Never do this. It completely removed the entire git history, and removed most of our ability to understand why things were done a certain way. We ended up moving slowly and breaking things. We also hated the code, and you know what they say about being considerate of the mental state of the people who maintain your code.
…it is possible to look at a line of code and 60 seconds later, have access to the full history of that code, all the way to the business strategy document explaining why that line of code is valuable to the company.
If you follow a good process, it will be easy for your engineers to understand the system quickly, and they’ll get more work done, with higher quality. Here’s how it works for them:
- Read a line of code. Look at surrounding comments.
- Use “git blame” to view the commit message. From here the engineer can see notes from the person who wrote the code. Usually not a ton of information, but you can understand their thought process.
- The commit message is linked to a PR. This shows the engineer all of the other code changed at the same time, plus the notes from the review process, the PR description and a link to the ticket
- The ticket explains more information, and is linked to other tickets with more information. The ticket also establishes timeframes, and you can search for other tickets worked on around the same time.
- One of the tickets (usually some kind of parent/feature ticket) will have a link to a planning document with even more information.
If your team follows the right process, it is possible to look at a line of code and 60 seconds later, have access to the full history of that code, all the way to the business strategy document explaining why that line of code is valuable to the company.
In my experience, the hardest part of this process is cultivating the habit. The actual effort of linking things takes only a few seconds. Some people like to use linters as a safeguard, and that’s useful in a large-scale organization, but I don’t think there’s a substitute for understanding the reason for this process. Put another way, it’s important to understand the “why” of the process. 😉
(Side note: Tim Berners-Lee realized the power of the hyperlink, and this is what created the modern web, Google’s PageRank, and so much more. Linking relevant information is a game-changer.)

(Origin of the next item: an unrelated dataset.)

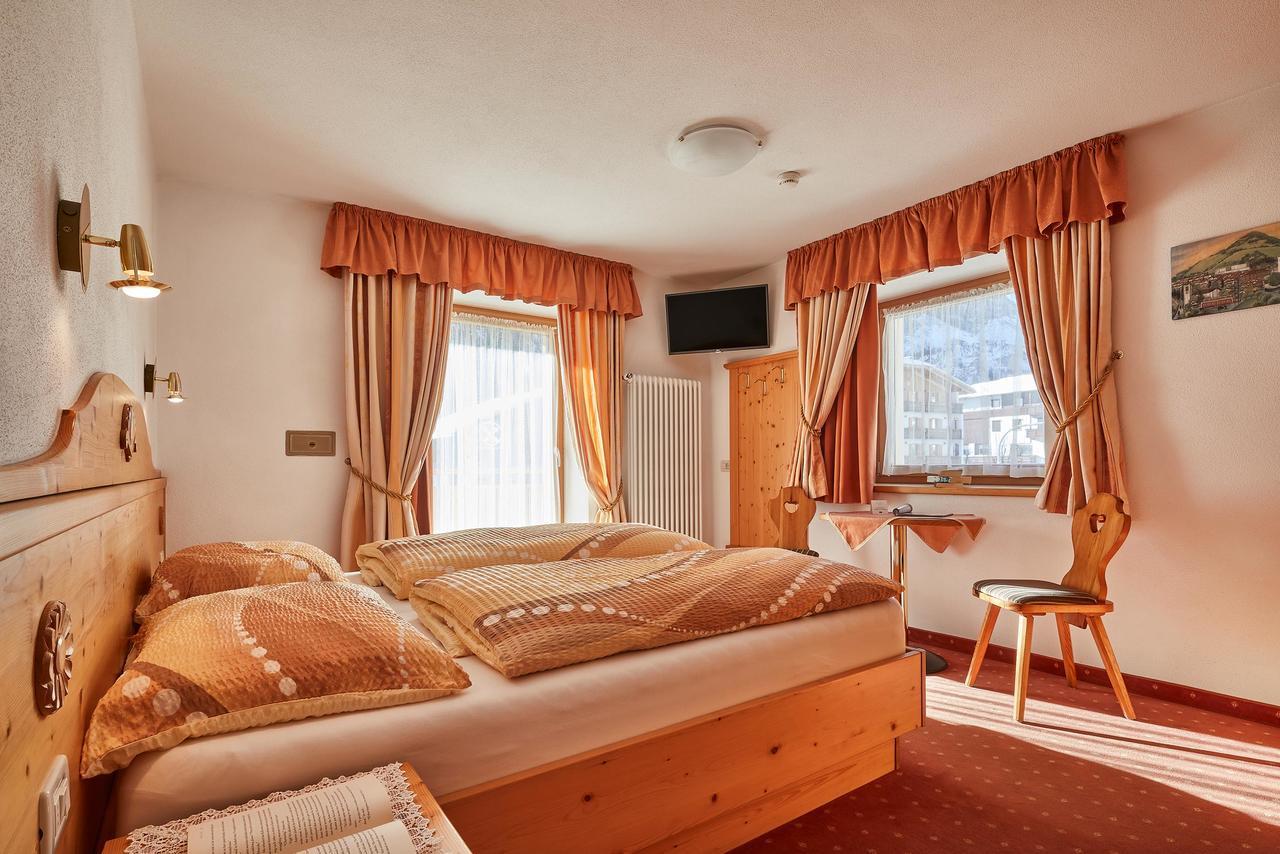 Hotel Garni Reutlingen Colfosco Esterno foto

Special consideration: infrastructure
Unfortunately not everything is code, and not everything is committed to Git. I mostly see this with configuration-instead-of-code systems, often from third-party infrastructure vendors, but sometimes internal tools as well.
Sometimes you will deal with a configuration file where you can’t include comments for context, or you have to deal with a file that can’t reasonably be version controlled so you don’t get a link to a ticket. Even worse, you might have a UI-only interface. It’s possible to automate these components, but that doesn’t always happen. Eventually you end up with 500 entries and no clue why they exist, or if they’re safe to edit/remove.
The solution I’ve found is that usually you get some type of text field, like in a firewall where you might be able to add a name to the firewall rule. Name things “inbound-for-database-TIX1234” where TIX1234 is the ID of the ticket for the work where someone can find more information.
Special consideration: hacky solutions
A long time ago, a very good engineer told me “it’s ok if there’s a mess, just document the mess”. I’ve never forgotten this advice. It’s acceptable to do hacky things under certain circumstances. I always get a laugh that a CPU is the ultimate hack: it is basically a rock (silicon) getting electrocuted.
If you have to do something unusual or hacky in the code, you should shine a spotlight on the hack. Put a big comment explaining why you’re doing something weird. This shows you know that you’re doing something unusual, and provides the context for why that unusual behavior might need to be preserved.
Also, if possible, keep the weird hack abstracted. If it’s a piece of code, put it in a library so it will be in a single place. It’s easier to remember and clean up one mess, it’s much harder if there are 100 messes.